Network scientists identify 40 new drugs to test against COVID-19

Data visualation by: Albert-László Barabási. BarabasiLab 2019

Northeastern researchers have identified 40 new potential drugs that could treat COVID-19.

The findings, reported via Northeastern’s Center for Complex Network Science Research on Wednesday, come from a modeling tool for infection dynamics based on network science—complex math, physics, and computing. 

The toolset mapped the way proteins within human cells behave after a cell is hijacked with SARS-CoV-2, the new coronavirus that causes the COVID-19 illness.  

“We have prioritized many more drugs, but there are 40 that we are actually trying to move forward,” says Albert-László Barabási, Robert Gray Dodge Professor of Network Science and University Distinguished Professor of physics at Northeastern.

Portrait of Barabási

Albert-László Barabási, Robert Gray Dodge Professor of Network Science and University Distinguished Professor of physics at Northeastern. Photo by Adam Glanzman/Northeastern University

Barabási’s team is already in discussions with experimental biologists at Harvard to begin testing these drugs in human cell lines.

The interactions of different kinds of proteins within our cells play a key role in orchestrating the complex biochemical reactions that control our bodies. That’s why, Barabási says, the best way to understand how viruses spread is to identify the whole set of the molecular interactions within human cells, and the networks those interactions create as proteins interact with genetic material inside the cell.

“Virtually every disease that we have spreads through a cellular network,” he says. “The virus has a particularly fast way of doing that because it is invading the cell, in this case with 26 proteins, effectively doing a very fast and effective perturbation on multiple points of the network.” 

The model, which Barabási originally developed with a group of researchers in 2012 to study other human viruses,  also predicted that SARS-CoV-2 could potentially attack cells in the brain. That finding, the report states, could help explain recent reports  that early COVID-19 symptoms include the loss of the sense of smell and taste.

The new list of drugs adds to other potential treatments that researchers have already identified. Barabási’s model identified several of those drugs, as well as others that had not been considered.

“The reason we can do so is because we are not limiting ourselves to drugs that hit those proteins that the virus targets,” Barabási says. “We can also discover drugs that hit in the neighborhood that the virus targets.”

Quickly after entering the body, SARS-CoV-2 hijacks human cells and retools them into virus-replicating machines. The virus relies on the set of protruding proteins for which all other strains of coronaviruses are named—a set of spikes resembling those of a crown. As those viral proteins latch on to the proteins of a healthy cell, they disrupt basic functions within it, and make it churn out millions more versions of the virus.  

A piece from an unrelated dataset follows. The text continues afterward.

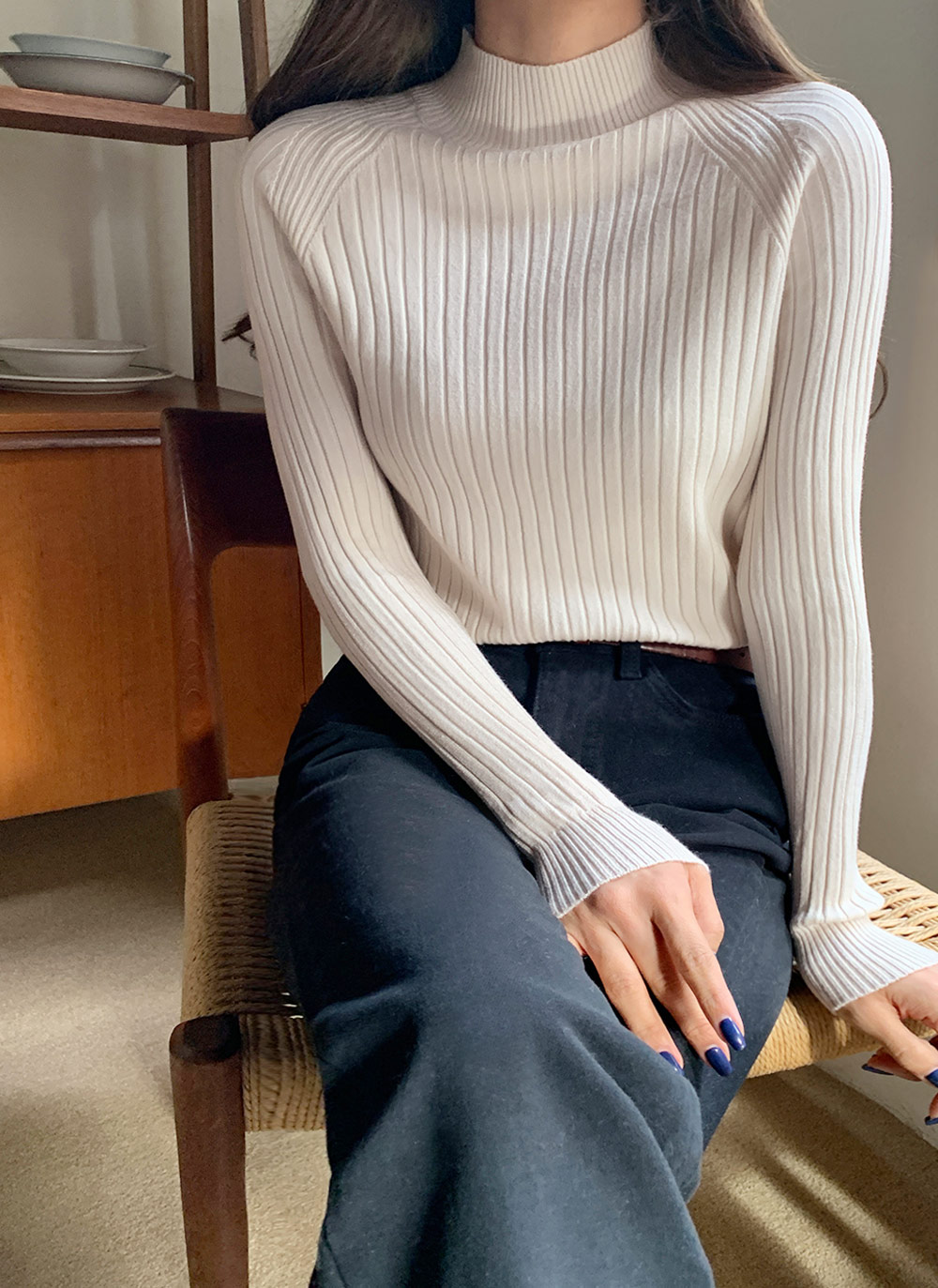 ハーフネックリブニット | レディースファッション通販 - DHOLIC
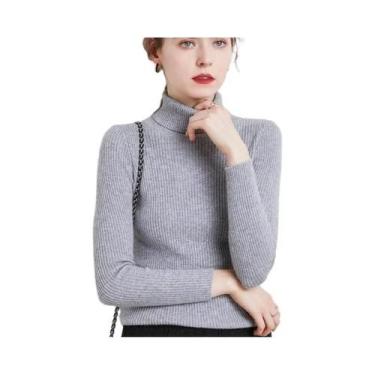 Imagem de Suéter Feminino Slim Fit Com Gola Alta Estilo Coreano Camada Base Pull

The first step in modeling viral infection was understanding which proteins SARS-CoV-2 attacks to hijack human cells. Researchers recently reported that there are 332 of those proteins.

Barabási’s toolset modeled the role of the 332 proteins targeted by the coronavirus and predicted other mechanisms those proteins could trigger within the cell to lead to the symptoms of COVID-19. 

The model focused on drugs that could fight the virus not just by neutralizing its spike proteins as they first targeted human cells, but by disrupting other interactions within human proteins and genes. These treatments target areas within the cell where the virus works, instead of directly targeting the virus, and could influence the way the proteins that  SARS-CoV-2 needs to thrive are encoded.

“By simply identifying what neighborhood the virus hits, we can identify what are the potential drugs that are hitting in the same neighborhood, and therefore could be effective against the virus,” Barabási says.

And, he says, the best drug candidates will probably be those that don’t target the proteins that SARS-CoV-2 initially attacks but work within the same subcellular neighborhood.

“Very few drugs on the market are directly targeting the disease proteins themselves,” Barabási says. “Simply knowing what proteins the virus targets will not be enough for us to find the drug, we need to understand very well the network’s neighborhoods of those hitting points.”

Marinka Zitnik, an assistant professor of biomedical informatics at Harvard Medical School, used machine learning to help Barabási’s group comb through available data on drugs already on the market or in clinical trials that could be repurposed to treat COVID-19. 

Joseph Loscalzo, Hersey Professor of the Theory and Practice of Medicine at Harvard Medical School, chairman of the Department of Medicine, and physician-in-chief at Brigham and Women’s Hospital, helped the team discard potential drug candidates that could be significantly toxic or impossible to administer intravenously or orally. 

The team’s progress and updates are being released online as soon as they are available, in an effort to help the global scientific community as it works at breakneck speed to solve the COVID-19 crisis. A report with more data and information will be released as a preprint online and submitted to a peer-reviewed journal for publication, Barabási says. 

“We are releasing the results as they emerge so that others can immediately build on them and have the research,” he says. “There is such an imminent need to make progress in this area, that we cannot be slaves of our existing academic or business models.”